[SUPPLIED ENTRIES — start]

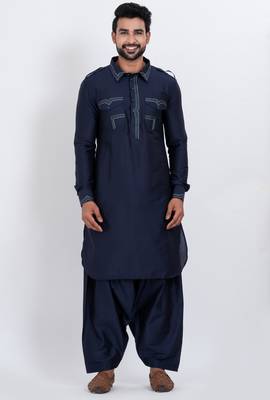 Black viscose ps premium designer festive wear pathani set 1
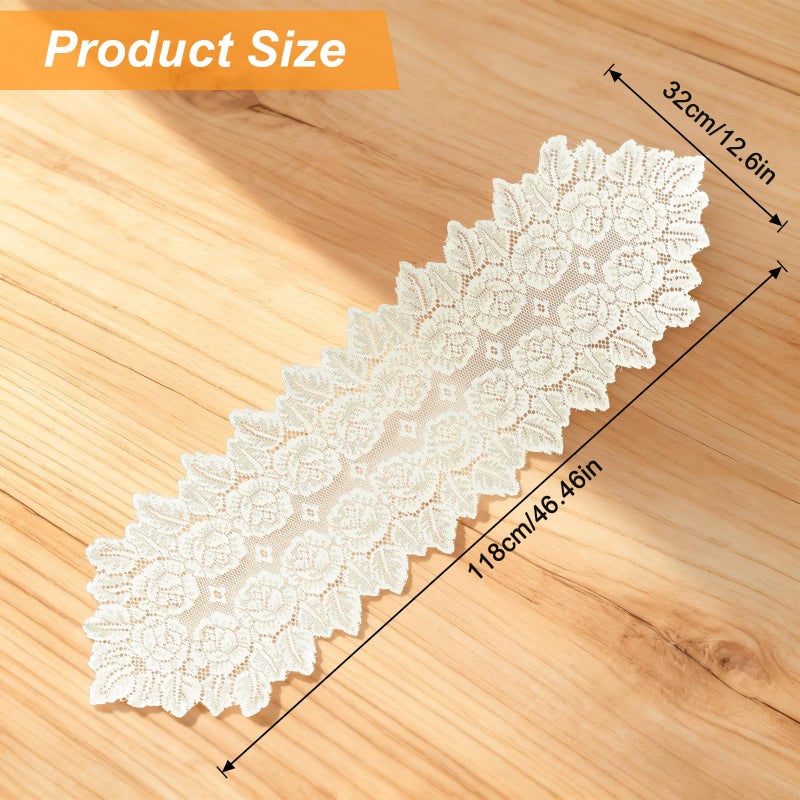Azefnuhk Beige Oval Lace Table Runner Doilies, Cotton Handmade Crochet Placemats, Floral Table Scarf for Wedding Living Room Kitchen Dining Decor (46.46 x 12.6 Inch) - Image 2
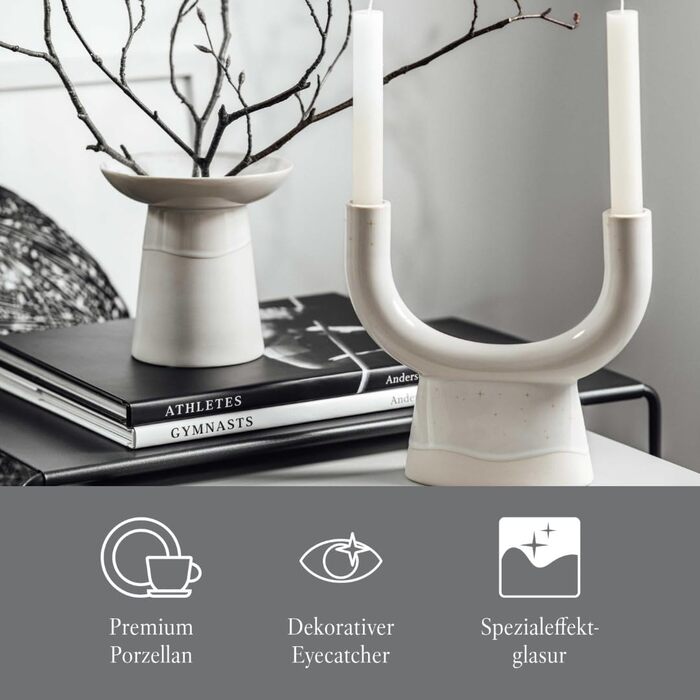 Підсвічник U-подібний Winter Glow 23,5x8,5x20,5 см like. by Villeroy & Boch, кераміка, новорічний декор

[SUPPLIED ENTRIES — finish]
[SUPPLIED ENTRIES — start]

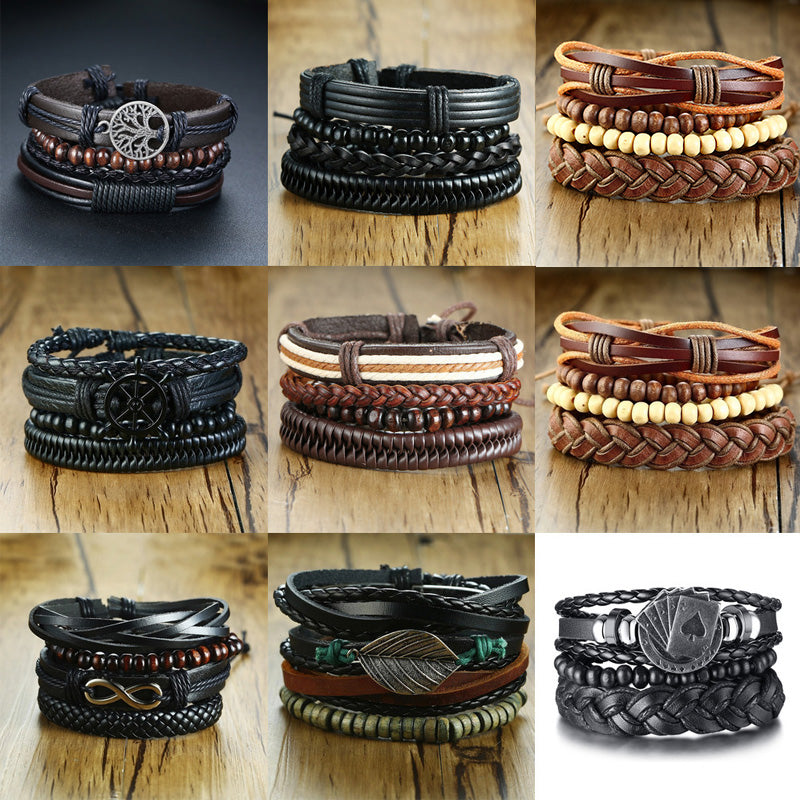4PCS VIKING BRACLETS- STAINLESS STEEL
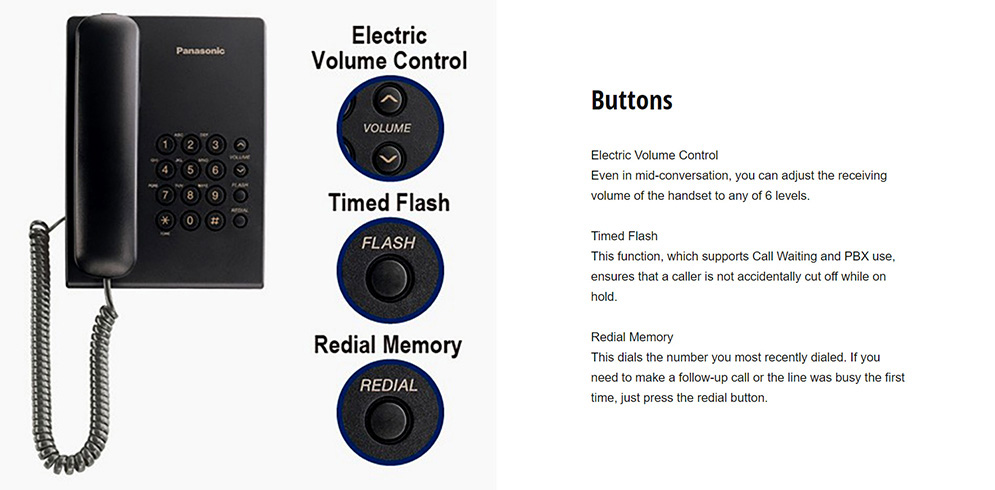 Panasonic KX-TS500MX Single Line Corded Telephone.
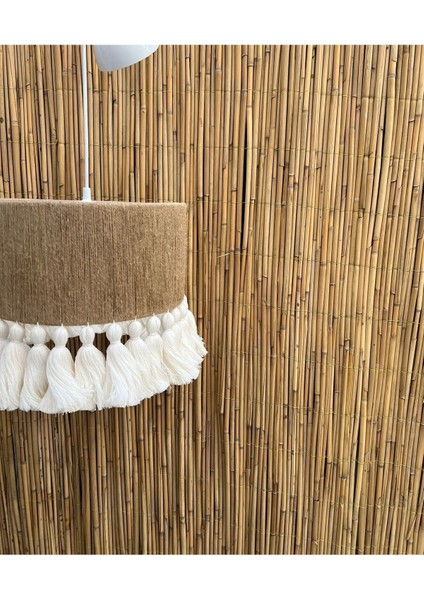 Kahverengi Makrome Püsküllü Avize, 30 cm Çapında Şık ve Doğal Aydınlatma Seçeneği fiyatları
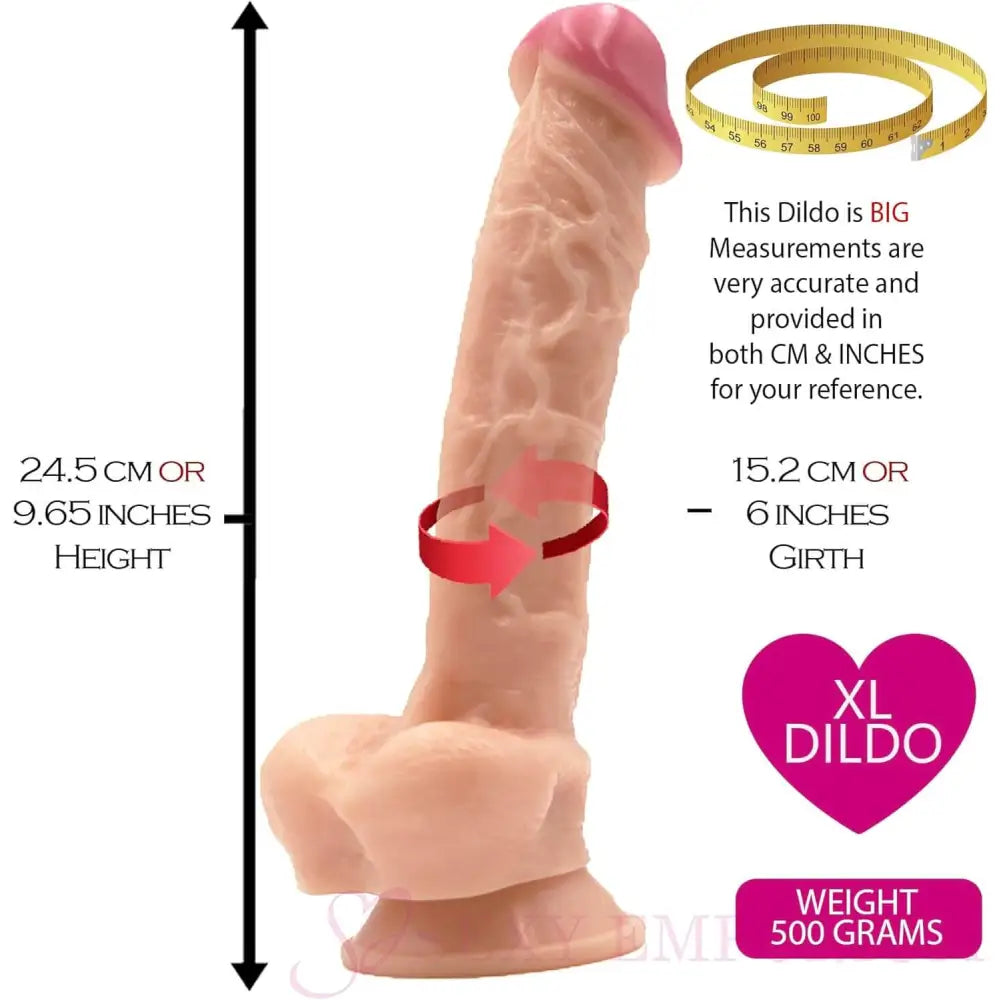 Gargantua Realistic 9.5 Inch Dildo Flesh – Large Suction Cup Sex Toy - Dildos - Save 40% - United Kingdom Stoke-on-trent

[SUPPLIED ENTRIES — finish]

AIM OF THE TASK:
Write out, word for word, the stretch of entries that begins at the line with "Black viscose ps" and ends at the line with "Підсвічник U-подібний Winter". Pictures do not belong in it.

RESPONSE TO THIS EXERCISE:
 Black viscose ps premium designer festive wear pathani set 1
Azefnuhk Beige Oval Lace Table Runner Doilies, Cotton Handmade Crochet Placemats, Floral Table Scarf for Wedding Living Room Kitchen Dining Decor (46.46 x 12.6 Inch) - Image 2
 Підсвічник U-подібний Winter Glow 23,5x8,5x20,5 см like. by Villeroy & Boch, кераміка, новорічний декор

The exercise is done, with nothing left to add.